Je bois un lait chaud sous la couette à Paris (France), et dehors, les
oiseaux sifflent quand dans Benmalek, c’étaient les balles, mais je ne
peux plus dormir tout à fait comme avant. Par le biais d’une histoire
d’amour magnifique qui nous mène par le bout du nez à ne pas pouvoir
lâcher ce roman avant de savoir prosaïquement « comment ça finit », on
prend conscience de sa petitesse et de son égocentrisme, dominés que
nous sommes trop souvent par le petit mouvement intérieur de notre cœur
et nos péripéties intrinsèques et volatiles. Mais on ne va pas se
contenter de le déplorer en lisant, tranche par tranche, en tentant de
penser à autre chose quand vraiment, la douleur du monde nous bat trop
fort contre les tempes. Car il y a le « pendant » de la lecture, et «
l’après ». Le roman fini – on en attaque un autre, comme Les Amants
désunis (en Poche, prix Rachid Mimouni 1999) – mais surtout, autre
chose commence. C’est exactement ce pourquoi on a aimé, qu’on ne
cernait pas bien. On ne pouvait pas le savoir plus tôt.
Car le
problème avec Anouar, le voilà : ce n’est pas que de la littérature. Et
l’Histoire avec un grand H, de l’Algérie comme du Liban, on n’en sort
pas comme ça, juste parce qu’on a fermé le récit qui nous égratigne pas
mal. Dans L’Amour-loup, c’est aussi la vraie vie qui fait le bruit du
canon, pas juste les battements de cœur d’un personnage de fiction.
Personne ne peut s’en tirer comme ça, y compris doté d’une conscience
géopolitique proche de zéro. Dans un passage où le héros a tenté en
vain de chasser un douloureux fantôme de son esprit, Benmalek écrit : «
Mais cette foutue mémoire battait en lui à la façon d’un cœur obstiné.

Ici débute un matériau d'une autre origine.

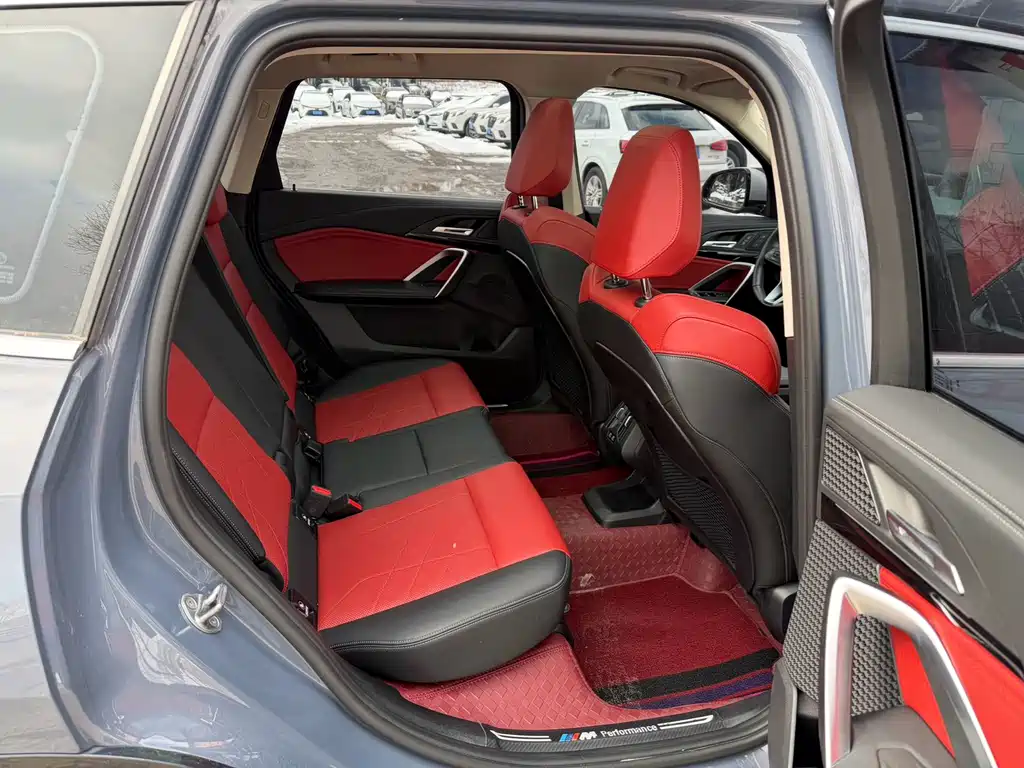 BMW X1 2023 — фото 11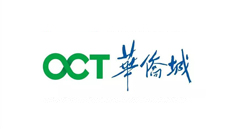 華僑城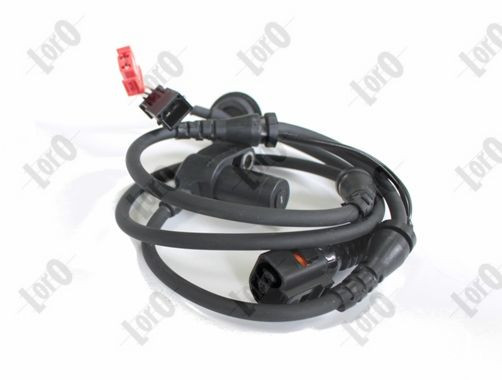 ABAKUS Sensor, Raddrehzahl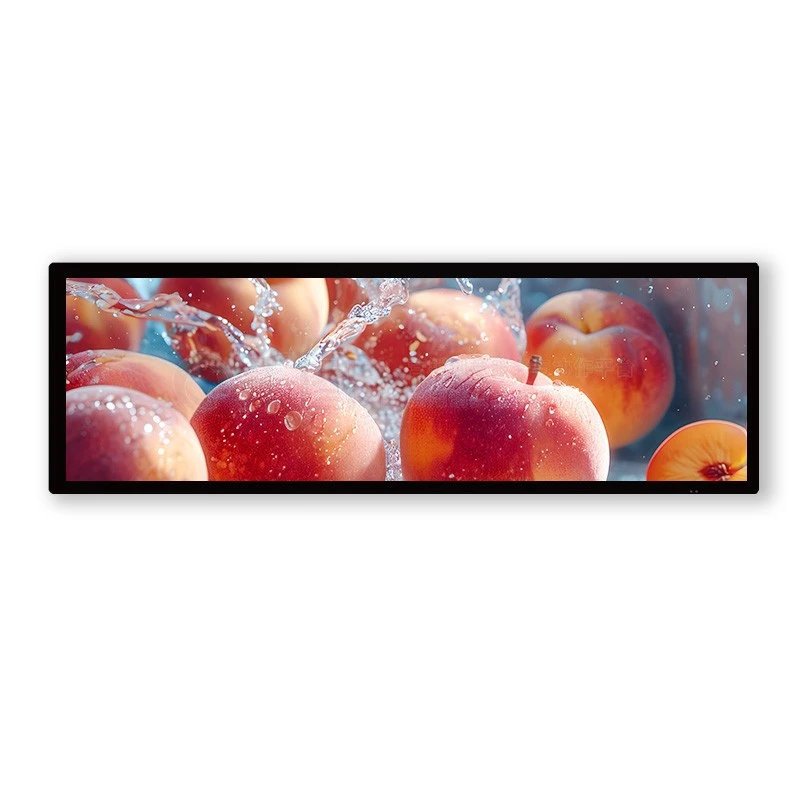 35.5 LCD Bar yiracogo fila yiracogo .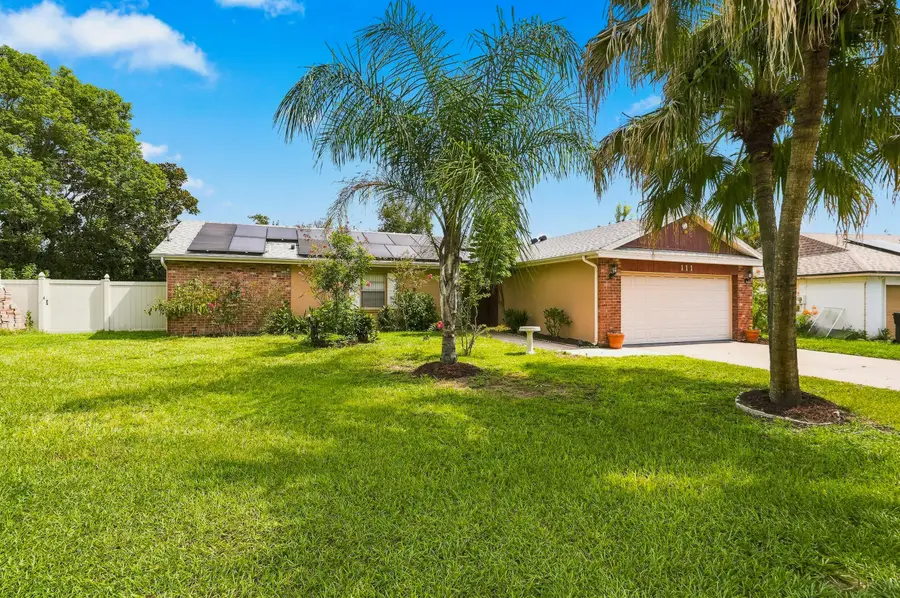 111 Jersey Woods Court, Orlando, FL 32824 - #3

A force d’appuyer dessus, à force de tenter d’arrêter ses battements,
il a senti se former sur ce cœur un œdème, celui de sa propre saloperie
». En l’occurrence, il parlait de la mémoire du sentiment, mais pour
nous, une fois la lecture achevée, c’est la question de la Mémoire avec
un grand M qui se pose, une œuvre majuscule décidément. Celle du monde,
des hommes, de ceux qui vivent ce que nous ne vivons pas - ou plus - et
que nous ne pouvons oublier sous peine de voir enfler l’œdème de notre
propre saloperie jusqu’à ce qu’il nous explose de l’intérieur. La
mémoire n’est pas un devoir, nous apprend Benmalek, c’est une toute
bête question de vie ou de mort, et les plus épris de leur sécurité
intérieure devraient les premiers veiller à s’y soumettre. Subliminale
thèse d’actualité.
En refermant L’amour-loup, après tant de déchirures, on se
demande une fois de plus si Dieu existe- on a plus que jamais croisé
des raisons d’en douter- mais on est envahi d’une sensation délicieuse
: on croit un peu plus en l’homme. La capacité de l’humain à produire
de la pourriture en masse ne nie pas des paramètres universels que ce
roman assied avec conviction : la quête du bonheur entraîne au bout du
monde, la foi en l’amour nous coule dans les veines, et les baisers
perdus prennent le goût du sang. Ce sera la dernière leçon : L’amour-loup donne
envie de ne plus perdre la vie qui passe à portée de lèvres et qui
s’enfuit si vite. Il donne envie de vivre. Il donne envie d’aimer. »
L’amour loup, Anouar Benmalek, Pauvert, 2002, 240p.